Well, fear not, because I’ve compiled a shortlist of five actors who, for various reasons, are firmly in touch with their inner Tobey…
An unthinkable situation similar to the above actually did occur back in 2003. Plagued by a nagging back injury, Tobey was possibly required to hang up his Spidey suit for good. The fellow tapped to replace him? None other than Jake Gyllenhaal. An inspired choice to be sure, especially given that Tobey and Jakey look eerily alike (they even went on to co-star in the very solid 2009 film Brothers, where they played, uh, brothers). Fortunately for T-Bone (my new nickname for Tobey), the ol’ lower lumbar aligned itself just in time, ensuring the Spider-Man torch didn’t need to be passed.
Or perhaps I should say the torch didn’t need to be passed until Andrew Garfield came along. Yes, after three films and jillions of dollars at the box office, our friendly neighbourhood Spider-franchise needed a reboot. Hot off his critically acclaimed turn in The Social Network, Andrew became the no-brainer replacement. Why? ‘Cause just like Tobey, he’s skinny, soft-spoken, smart, sensitive and spry. He’s Spidey, baby. Or should I say, he’s Tobey? (Yes, I should.)
Before she was the high-strung new girl in, uh, New Girl, Zooey Deschanel was, for all intents and purposes, Tobey Maguire. Not just because they both have those big innocent eyes that make you want to protect them from crocodiles and terrorists. But also because their physical mannerisms and vocal cadences were so incredibly, precisely similar. The basic gist: understated, laid back movements coupled with a muted, low-key line delivery. Check out this scene from The Hitchhiker’s Guide to the Galaxy and tell me Zooey D. doesn’t come across as
Toobey’s Tobey’s long-lost twin sister.
Elijah and Tobey were in The Ice Storm together. They didn’t play the same character though, which is dumb because they’re more or less the same guy. Same height, same build, similar features. Could Tobey have been Frodo in The Sisterhood of the Traveling Ring or whatever it was called? Heck yes! Could Elijah have been that kid from Pleasantville whose name escapes me at the moment? Don’t even act like you don’t know the answer! (the answer is ‘yes.’) These gents are like a human shell game, only one where the outcome is a guaranteed win every time. For us, the viewer, is my point.

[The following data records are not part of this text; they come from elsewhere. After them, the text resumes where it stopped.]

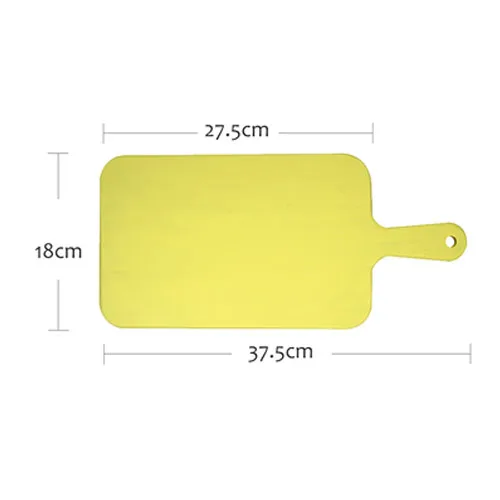 Yellow JINSERTA деревянный поднос для сервировки десерта, пирога, закуски, тарелка, красочный домашний Ресторан, Бар, кофе, чай, кофе, молоко, декоративный поднос - Цвет: Yellow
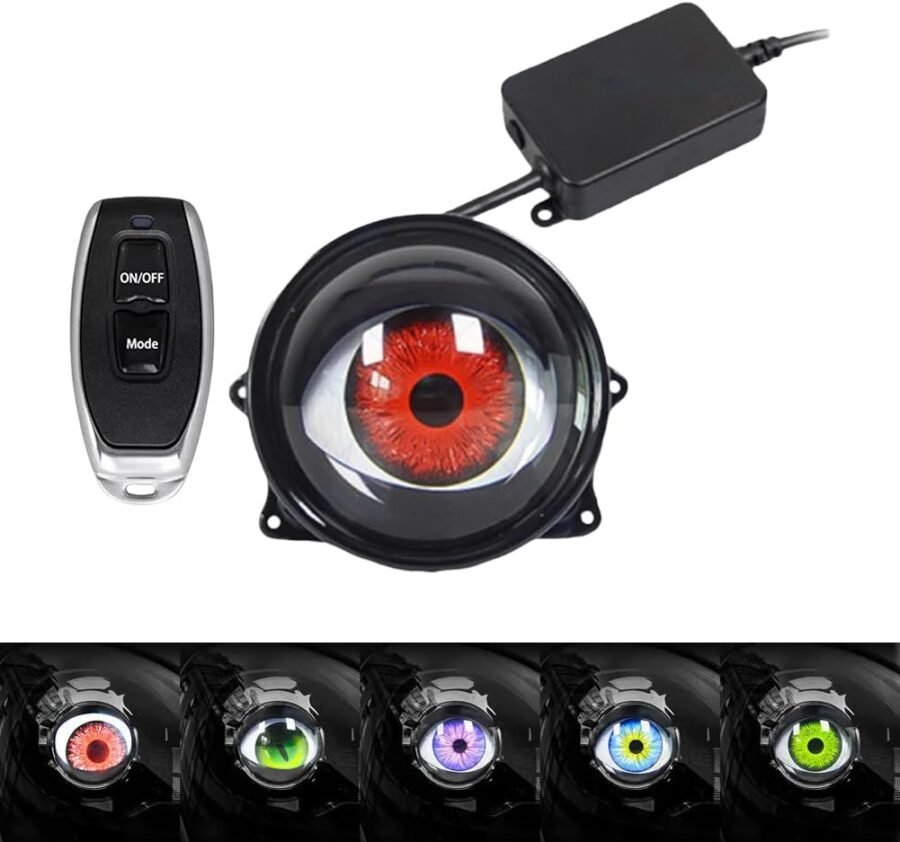 Dynamic Devil Eye Car Headlights - 12V LED with Adjustable Eye Pattern & Remote Control - Image 5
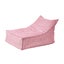 Cadence & Co. Oscar Faux Linen One Seater Bean Bag Lounge Cover Red Carousel 2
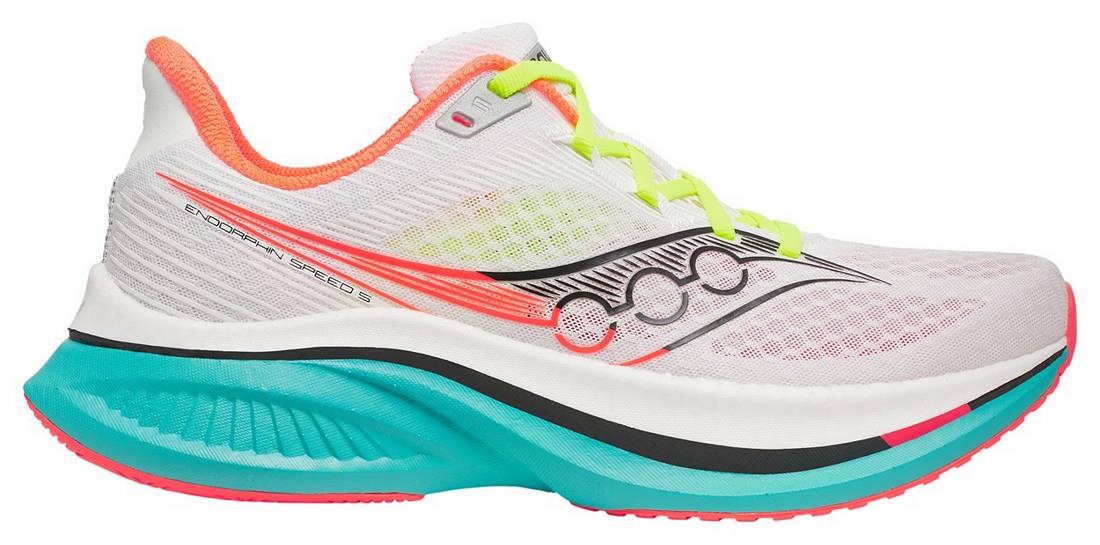 Saucony Men's Endorphin Speed 5 Footwear Saucony White/Mutant-97 13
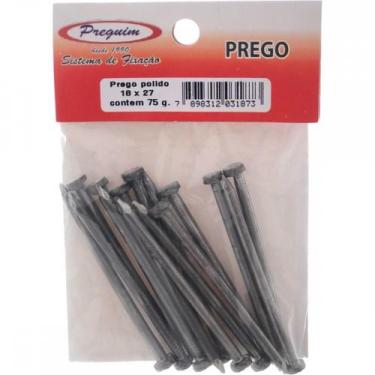 Imagem de Cartela Prego Preguim Com Cabeca 18X27 (3,40X62mm) (3,40X62mm) Com 75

Let’s face facts: as Tobey Maguire as the above folks are, nobody is more Tobey Maguire than Tobey Maguire. He’s the go-to guy, the gold standard. And if Tobey were to suddenly be expunged from Tinseltown, one can only hope Tobey would be the first choice to fill his shoes. Some critics toss the occasional dig his way, saying T-Mags doesn’t sufficiently explore his range; that he’s this same in every film. It’s the same argument levied against fellow A-listers George Clooney and Owen Wilson. To this I say, if you’re looking for chameleonic actors, there are plenty of excellent Johnny Depp and Brad Pitt films to go around. But if you’re seeking out one of the great ‘less-is-more’ performers in the biz, look no further than Tobey Magure.
Unless he’s, uh, not available, in which case go for somebody else on this list.